France also complained to then-Mossad director Meir Dagan about the use of forged French passports.
According to Le Monde, the French were concerned Hamas would suspect France took part in the assassination.
Paris sent two senior agents to meet with Dagan in Jerusalem. "We'll stay friends, but there'll be a price to pay for this," they told him. The price is believed to have been a halt to the exchange of information between Israeli and French intelligence.
"It was a way to send a message that this was an intolerable line crossing," said the head of the French police's investigations department.
Speaking to Yedioth Ahronoth, the Le Monde article's writer, journalist Jacques Follorou, said French intelligence officials were outraged by the alleged use of French passports, seeing it as a "provocation."

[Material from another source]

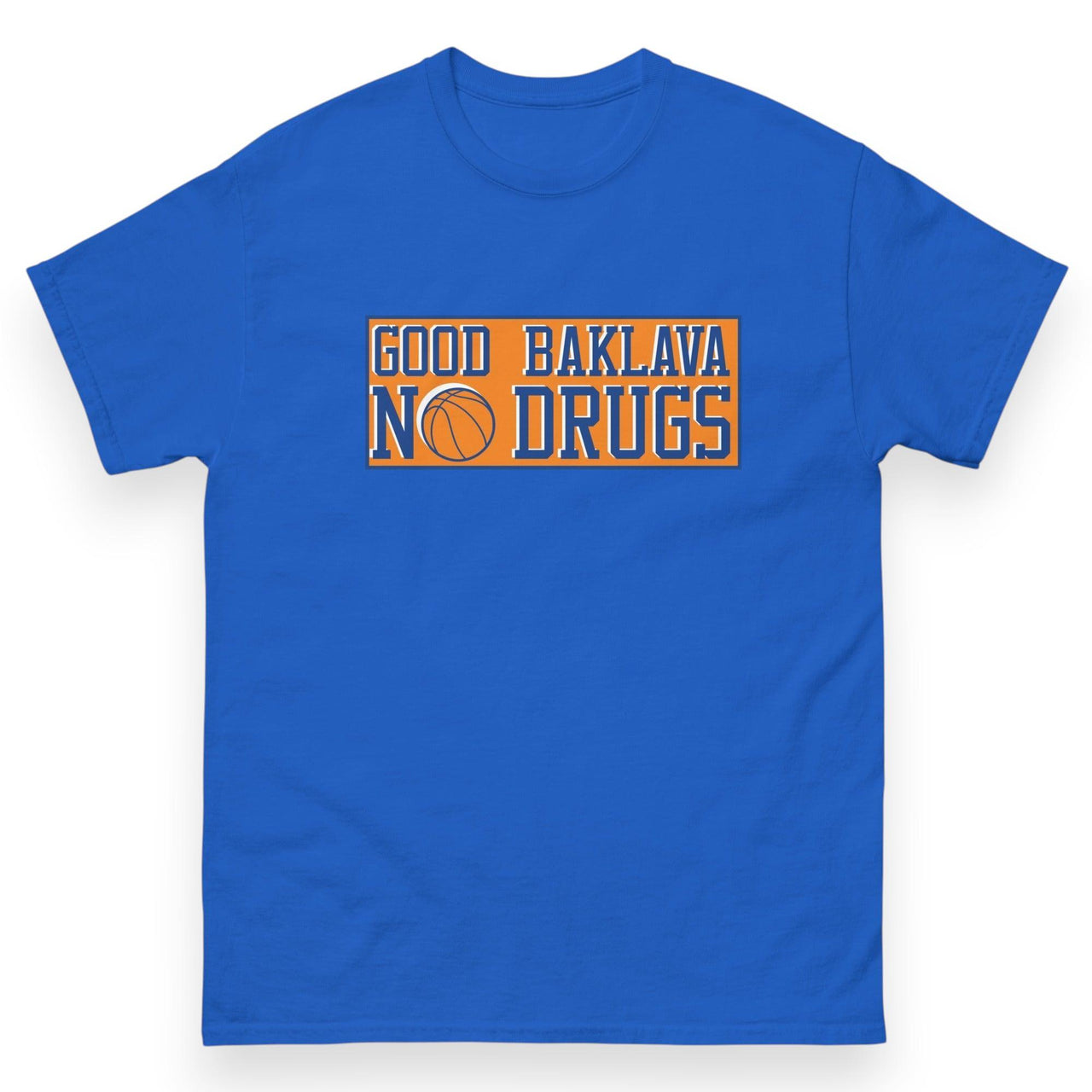 Good Baklava No Drugs T-Shirt | Royal Blue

In addition to Al-Mabhouh's assassination, the article examines many other operations that Le Monde claims the Mossad and other Israeli elements conducted from French soil, including: a joint Israeli-French attempt to recruit a Syrian agent who tried to buy chemical weapons, an Israeli company's attempt to wiretap Council of Europe meetings in Brussels, and operations of the company Black Cube, which had offices in Paris's Place Vendôme.
The Mossad, according to the Le Monde report, also tried to recruit French intelligence agents as double agents during a joint operation in 2010. As a result of that alleged incident, Le Monde claims the Mossad station head in Paris and another employee in the Israeli Embassy had to leave France.
The reason the Mossad—like many other foreign intelligence agencies including the CIA—has turned Paris into its center of operations is because it hosts many international conference and frequent visits of African leaders. Furthermore, the city is home to many foreigners.
Another reason, according to a source in French intelligence, is that "France dedicates most of its espionage activities to the fight against terrorism, therefore it doesn't have enough manpower for counter-espionage."
While the Mossad, according to Le Monde, continues operating in Paris with relative freedom, a source in the French Foreign Ministry admitted that "the Israelis are a little bit more cautious than before." They no longer carry out assassinations on French soil and don't use the help of the French Jewish community as often.